◆ **Given records**

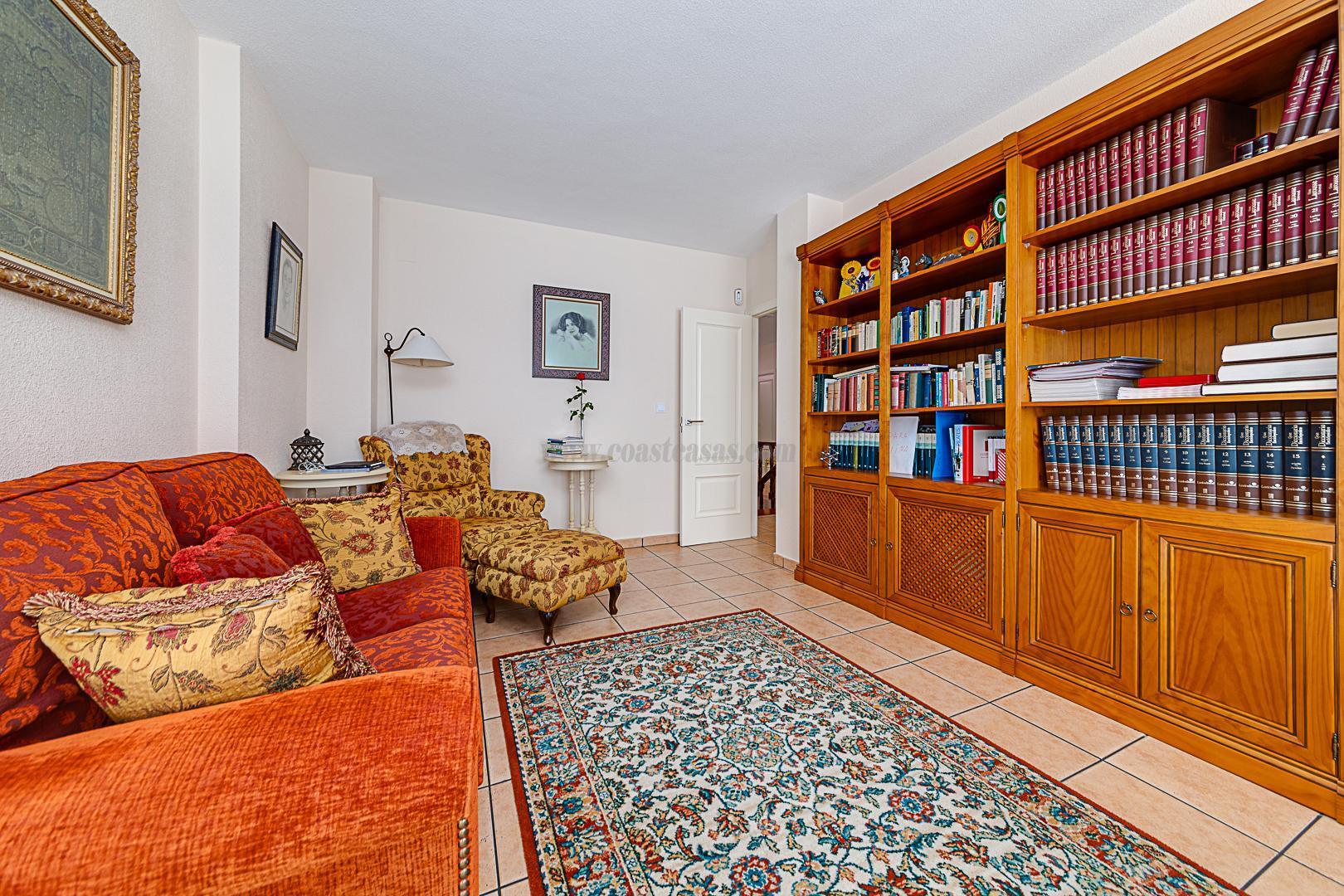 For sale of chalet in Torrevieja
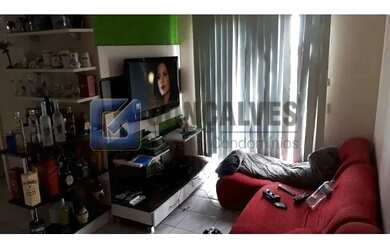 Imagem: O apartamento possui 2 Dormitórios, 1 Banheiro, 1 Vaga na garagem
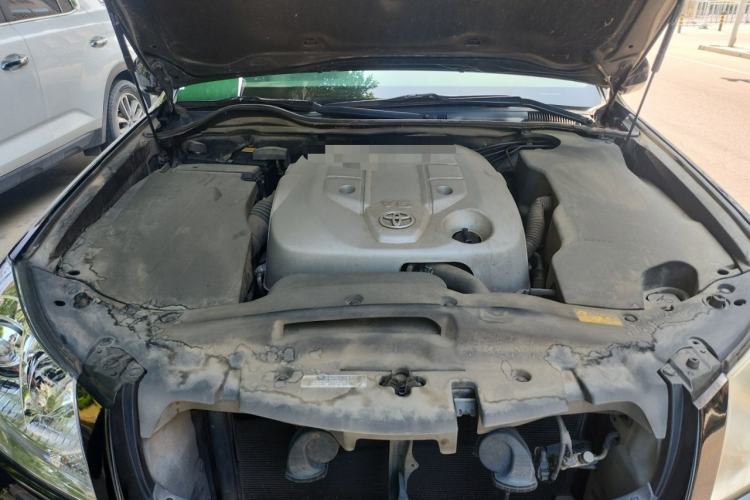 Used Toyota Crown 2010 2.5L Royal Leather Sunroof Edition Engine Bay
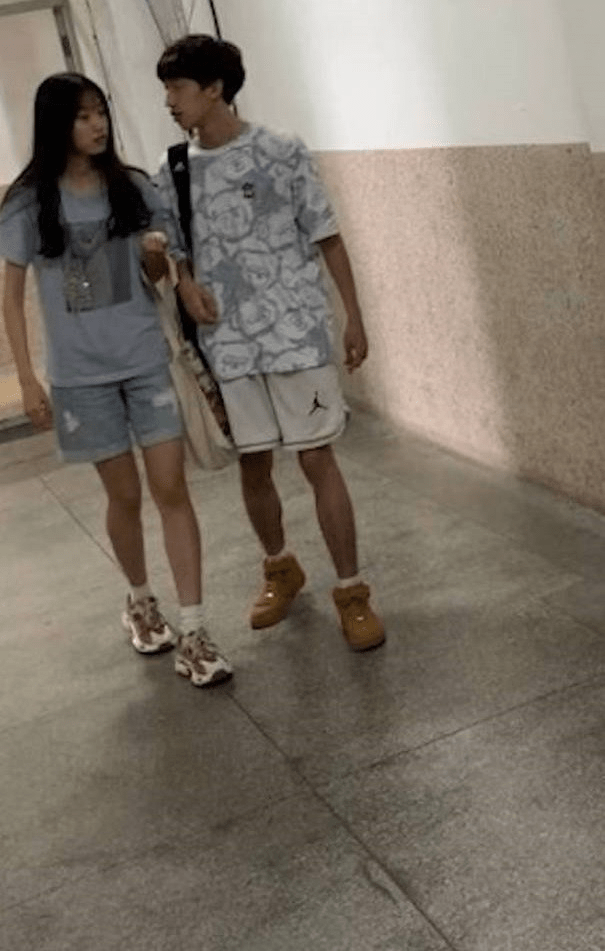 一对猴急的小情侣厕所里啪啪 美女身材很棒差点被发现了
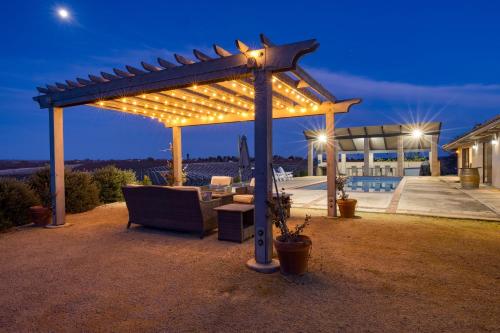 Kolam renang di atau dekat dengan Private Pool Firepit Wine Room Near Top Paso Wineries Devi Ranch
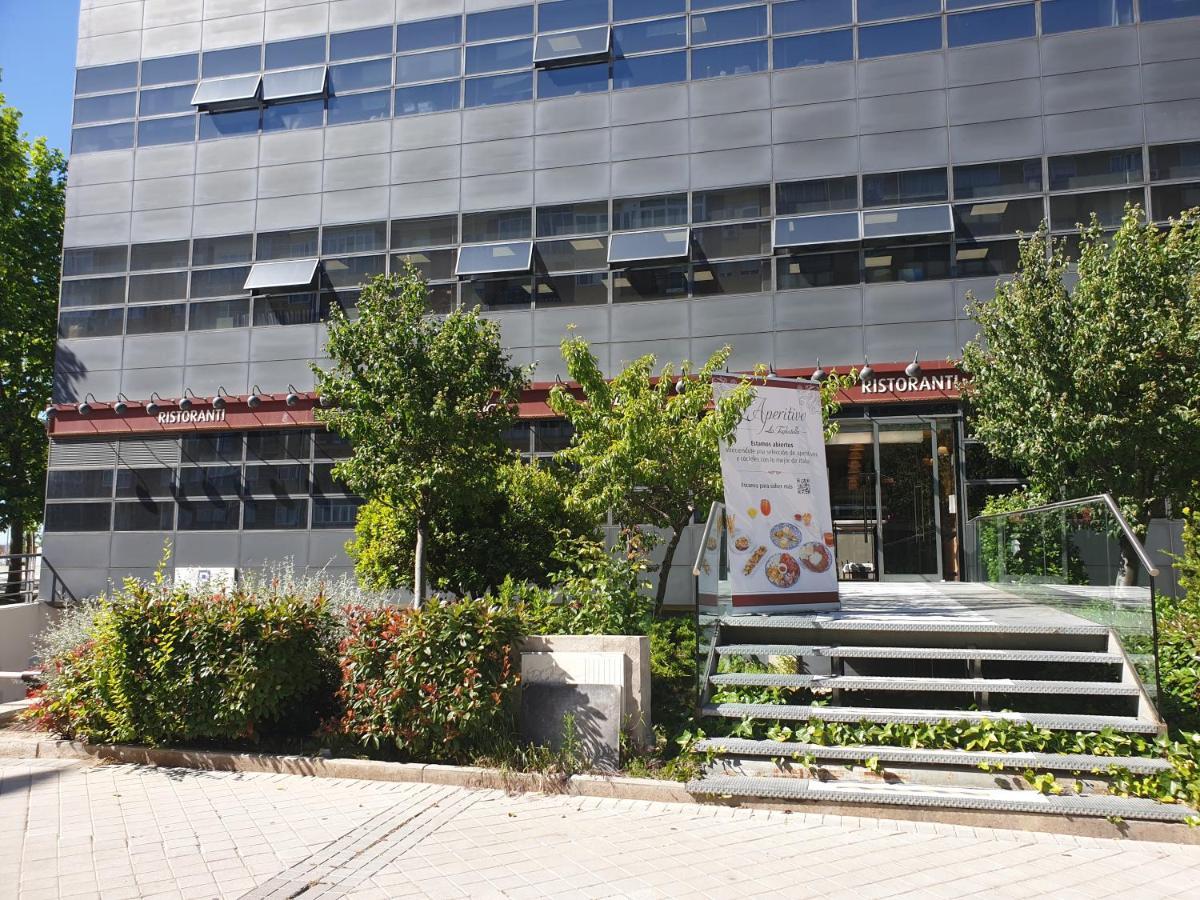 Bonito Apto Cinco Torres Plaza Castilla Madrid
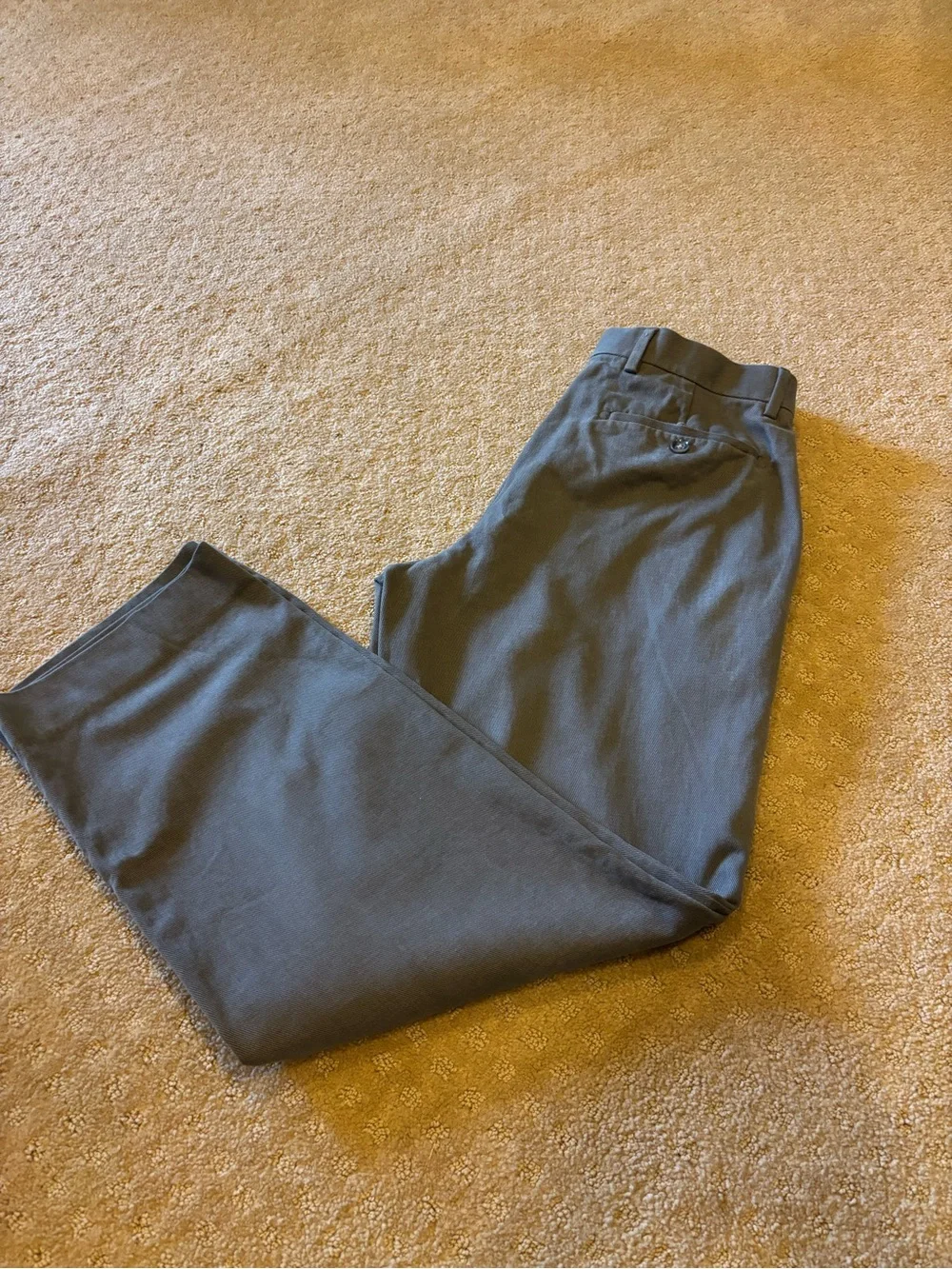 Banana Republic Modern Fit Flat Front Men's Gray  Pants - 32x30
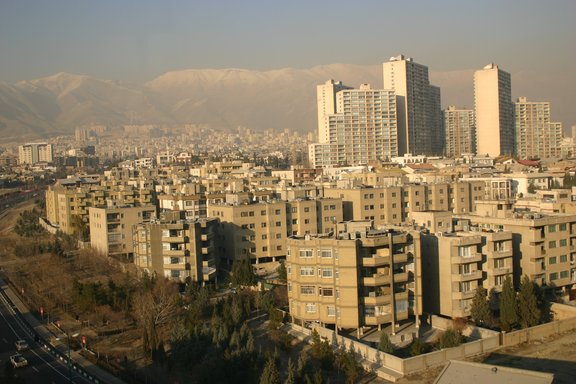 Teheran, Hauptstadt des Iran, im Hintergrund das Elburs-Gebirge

◆ **Problem details**
Exactly the lines from the line that contains "Imagem: O apartamento" through the last line above, and no other lines, must be output, with pictures excluded.

◆ **Output for this exercise**
 Imagem: O apartamento possui 2 Dormitórios, 1 Banheiro, 1 Vaga na garagem
 Used Toyota Crown 2010 2.5L Royal Leather Sunroof Edition Engine Bay
 一对猴急的小情侣厕所里啪啪 美女身材很棒差点被发现了
 Kolam renang di atau dekat dengan Private Pool Firepit Wine Room Near Top Paso Wineries Devi Ranch
 Bonito Apto Cinco Torres Plaza Castilla Madrid
 Banana Republic Modern Fit Flat Front Men's Gray  Pants - 32x30
 Teheran, Hauptstadt des Iran, im Hintergrund das Elburs-Gebirge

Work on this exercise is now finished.